The full title of the Fortified Suit is also Surface Pilot Fortified Suit
The full title of the Fortified Suit is also Surface Pilot Fortified Suit. Notice that the Japanese text describes Eishi as a pilot of a Tactifal Surface Fighter, further giving an indication to the meaning of the Japanes word. There is also a mention of the 8 minutes of death.  Taken from Integral Works p.331

On another hand, that is an issue for a person who is aware of these issues. A personal going straight into the story has no clue of the underlying meanings of the names and terms used. Perhaps the best translation here would be idiomatic, something that conveys the core meaning of Eishi combined with the Surface Pilot. Of course, we can argue that after the term is established in the story, then there’s no problems with it. This doesn’t apply to promotional materials or such, where the term has no weight or carries no meaning without further research.

There is another dimension that the fandom brings with it; the pre-established terminology. I have seen the term pilot used far more than any other. It seems like I among few other people tend to use Surface Pilot, but as a whole simple pilot has become a standard when speaking in context. When a separation between what sort of machine is being used, then we see some using TSF pilot, Surface pilot and so forth. Thus, in English, we can say that pilot is enough in context, and when further accuracy is needed, the prefix TSF or Surface is added. In similar manner in real life we have pilots, a person who flies, pilots or controls a (flying) craft.

It should be noted that âge themselves have also established the terminology in English to a large extent. It’s another issue whether or not fans are aware of these, as most of them are found in Japanese language source books.

What I use is not indicative of what should be used. Neither is it the job of the fans to say how things should be done, thou it has to be said that at this moment 50.4% of the voters have said that they’d prefer using the term Eishi, whole the rest would use an English term or anything that works. It’s down in the middle, and I would argue that the results don’t give too strong result what to use. Yes, the half of the voters would like to use Eishi as the term, but the other half would rather see something else. We’re not going to discuss about who is the best girl or best TSF, because we all know that those are subjective matters.

While the providers are there to provide the consumers, the fans are not only the ones. Muv-Luv has possibility to be a larger hit than just with the fans it already has. However, in the West it are multiple elements that will hold it back.

One is that it is very Japanese and that alone is something that will keep people away from it. A proper, easy to approach translation and localisation drops the bar quite well, as discussed above. Secondly, and perhaps more importantly, it is a Visual Novel. Visual Novels are a form of entertainment and software that are not really games, but aren’t really books or plays either. They usually need a considerable investment of time, and suffer from the stigmata of being nothing but vessels for porn. The latter isn’t really wrong either, as VNs historically were born from the need to show graphics with as little animation as possible while holding high amount of detail and quality on NEC’s PC line. At some point I read that in the 80’s people who owned PC-88 at their home were seen as dirty people who do nothing but play those porno games on their computers. As such, it understandable for anyone to want to release the All-Ages versions of the VNs. I would do that myself as well in order to maximise the possible customer base.
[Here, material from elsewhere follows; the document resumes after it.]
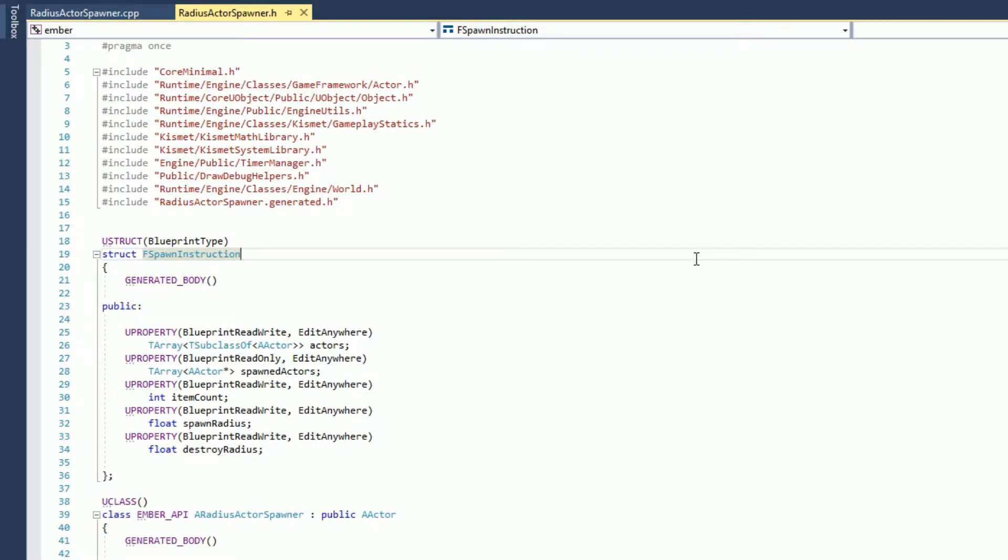Welcome everybody. Today we're going to talk about the Radius Actor Spawner.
There’s also the issue of âge’s Engrish. I won’t hold back on any of this and directly say that all of it has to go. All of it. From the opening narration in Alternative, where they find HUMAN BRAINS to the patches saying Valkylies. While I recognize that this is an issue they can’t help to some extent, the fact is that these points just don’t fly when doing a proper translation and localisation. âge is able to modify these to the extent in fixing these, and making the changes should not be too hard or time consuming. However, they are a detail that everyone and their mothers will notice and it needs to be taken into account. The fans will laugh and take them as a nice joke and so forth, but the larger consumer group will only see these bits as large flaws that could have been corrected.
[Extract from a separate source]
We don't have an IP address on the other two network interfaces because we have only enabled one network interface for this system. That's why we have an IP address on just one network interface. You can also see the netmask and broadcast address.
IW p.225; All members of the Valkylies group in as seen in Alternative. The whole L and R thing is known in Japanese and should be corrected in the CGs as well
IW p.225; All members of the Valkylies group in as seen in Alternative. The whole L and R thing is known in Japanese and should be corrected in the CGs as well

With that we come to the point where the fans really need to sit back and watch. Whenever something like this with a strong cult following may have its chance, the community may be a detrimental value. Or rather, the communities. For Muv-Luv there doesn’t exist one large wholesome family of fans, but separate sects. 4chan is a microcosm example of this, with the /m/echa, /a/nime and /jp/ boards having widely different nature of discussion and points of view. When you jump to different site altogether, you get completely different views on what should be and should not be.

With Japanese language we of course have the argument whether or not honorifics should be used. At the baseline, a good translation will not use them, and adding nonsensical words in English makes little to no sense. A person with no knowledge on Japanese will have no idea why the hell people are called senpais or kuns, and there are proper guidelines how to translate these. Some creativity needs to be used to convey the more exotic pet honorifics, but that’s not the largest challenge when it comes to translation.
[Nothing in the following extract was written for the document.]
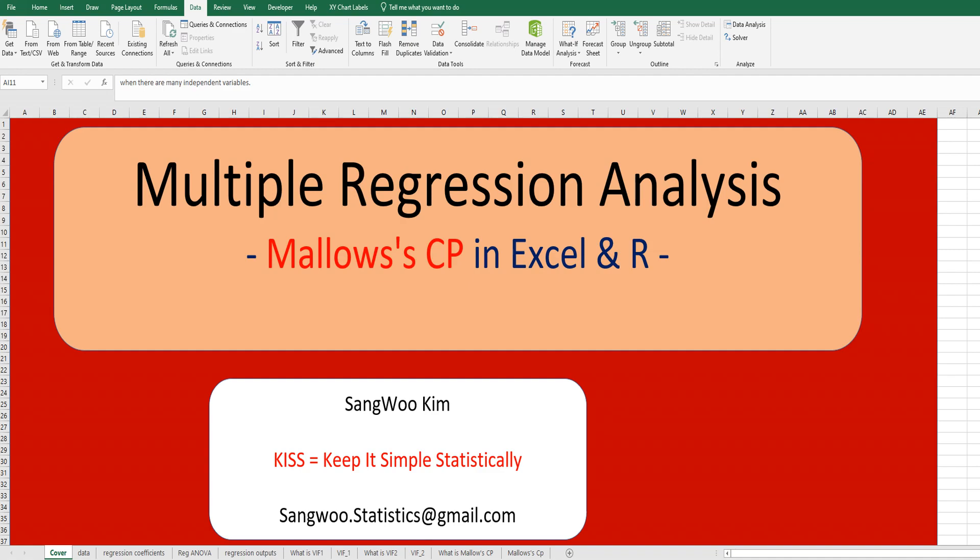Hi everyone, I'm Sang Kim. How do you decide the best multiple regression model when there are many independent variables? One of the popular ways is to use Mallow's CP.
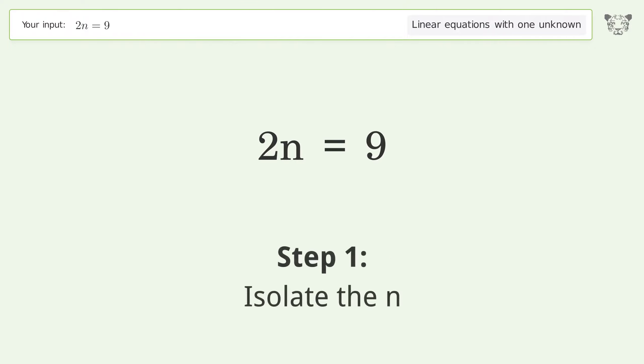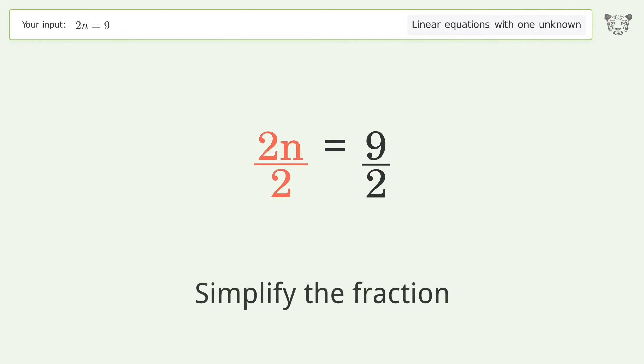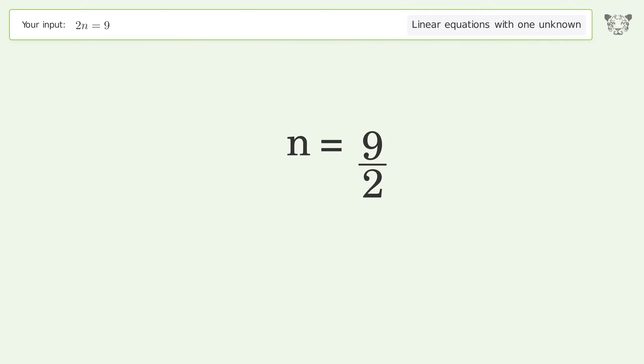Isolate the n. Divide both sides by 2. Simplify the fraction. And so the final result is n equals 9 over 2.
When Mega Man X8 was being made, CAPCOM wanted the fans to be involved with its development. There were polls, discussion and questions what should and shouldn’t be. I never saw any results in any of it in the final product, but I need to question the validity in there. With Legends 3 a whole new level of transparency was added to the development, but in the end the game was never made and can’t say how much the fans would’ve had to say about the end product outside selected enemy designs and polls for character designs.

There are other examples where things have been less than successful when a provider has directly asked What you want. Tomato sauce Ragu and Pepsi are another examples of this. It is always better to observe and see what the consumer really wants, and more importantly, what they need.

Lastly, the issue of Kickstarter and Steam. Long time readers know my stance on Steam and on Valve’s practices. However, I fully recognize that digital release is the only proper way to get any of âge’s products localised nowadays. GOG version has been said to be on the to-do list, a thing that is greatly welcomed. However, all this discussion may be for nothing if the Kickstarter fails, and Kickstarter is a thing a lot of people simply hate. Some fans have already mentioned how this will be their first Kickstarter. They are willing to support the product, and I find that very heart warming. However, depending on how much money they require for the localisation and release is something that may ultimately doom this. Muv-Luv and Alternative, after all, are products many has already enjoyed and may not be willing to give money for an actual release. Then again, with Kickstarter there is a possibility to offer physical copies of the Visual Novels to those who have funded certain tier. I will be honest with you; if such tier exist, I will be putting money down for it.

This post reflects more or less how I feel about the possibility of getting Muv-Luv release here in the West as an observer and as a fan. There is validity to all sides of arguments I’ve tried to cover here, and I’ve most likely missed a whole lot more. I may spin this off into a separate series of its own and use a new page for future âge related stuff to categorise things better. For some time I’ve been having a feeling for a need to separate fan content from the actual content of the blog, despite the two overlapping each other to a large degree.

I don’t know what the future holds. It’s apparent that âge has recognized the Western, non-Japanese fandom in a way they never have before, and that’s a new page on the history of the franchise. Kimi ga Nozomu Eien was a story that had no growth possibilities, but it still stands their best story. Muv-Luv Alternative on the other hand is all about pontetial growth and expansion. Let’s hope it’ll expand to the West and support that as much as possible.

 As a sidenote, this was supposed to be Music of the Month post, but it got way too long for to be one. We’ll get back to that later on.